The perky penis participant decided the trunks were wonderful. The playful pouch contained and accentuated our accoutrements in a way that made us feel sexy (but we happen to be comfortable with our anatomy … dysphoric penis-havers may find the trunks a little upsetting in this regard). The boxer-briefs were also comfortable: We spent a night out on the town in them and never even noticed they were there. That might not sound like much, but trust us: This is the ideal situation for penis-having “panty” wearers.

A night of lounging on the couch in nothing but our underwear revealed the boxer-briefs to be less perfect than the trunks. There was a little extra tightness in the back and leg holes as a consequence of the “extra” mass stretching out the fabric in front. The boxer-briefs were somewhere between OK and good, whereas the trunks can only be described as awesome.

The velvety vulva volunteer found the trunks comfortable, but on our body, the extra flap of fabric in the front served no purpose. It didn’t affect the feeling of wearing them, but we decided it looked a little silly in the mirror. The boxer-briefs, on the other hand, were a splendid second skin to satisfy our sensuality. With no penile cargo  in the front compartment, there was plenty of Play Out’s supima cotton, micro-modal, and Spandex blend fabric to go around.

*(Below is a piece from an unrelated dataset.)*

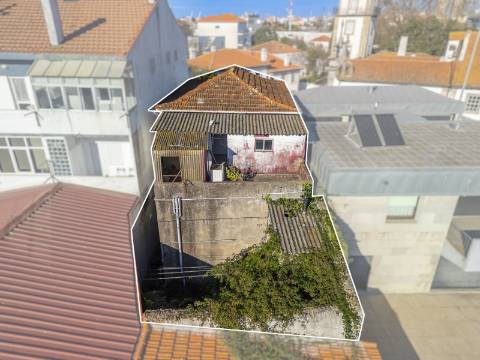 Moradia para reconstrução no Centro Histórico em Matosinhos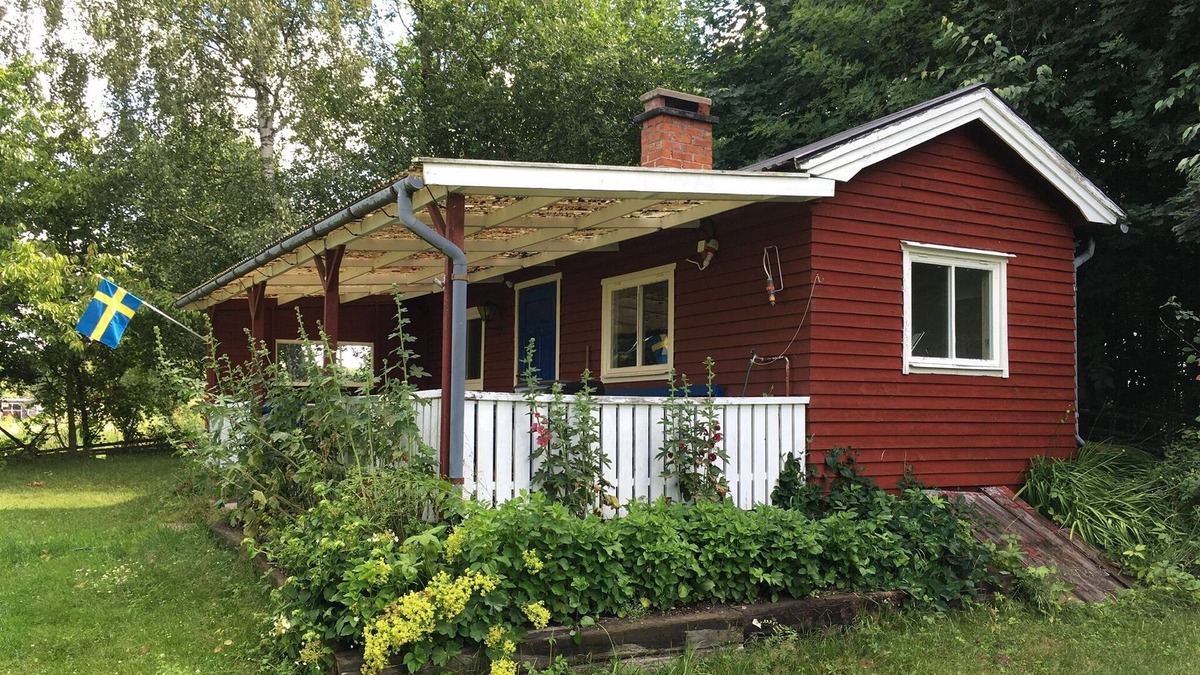 Nykoping Municipality Cabin | Cozy Little House With a View of the Lake. Mysigt Torp Directly vid sjö och Nature Reserve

The material is something special. We each found that even with the respective pairs we preferred less, the texture of the fabric on our skin was still divine. Even on a hot summer night, these non-binary undies never got sweaty or gross, as underwear sometimes can. I was so impressed with how breathable they felt that I even (don’t judge me) wore one pair two days in a row without washing, just to see what would happen: Everything turned out better than expected.

If you’re not into “sexy” things (maybe because you’re ace, which is awesome), you’ll still dig how incredibly comfortable they are. These underwear don’t sexualize you as their primary function … but if you do happen to sexually appreciate flattering cuts of underwear on whichever bodies you prefer, then you’re going to love Play Out’s line on yourself and your partners.

I find my partner irresistible in general, especially au naturel, but when the clothes first come off, the underwear’s out, and the tushy-wiggling begins, Play Out’s comfy unmentionables are mentionably enticing. They offer all the sexiness of well-fitting underwear on your beloved’s bod, without simultaneously stabbing you in the brain with the rusty binary fork of masc versus femme, as mainstream underwear do.

It’s nice not to have to think about gender while we’re just trying to have some sex, because gender and sex are actually dichotomous.

Innies or outies, whether you’re changing them or keeping them, deserve to be clothed comfortably. So it’s nice to finally have underwear options that won’t call you nasty names “boy” and “girl” based on your fit.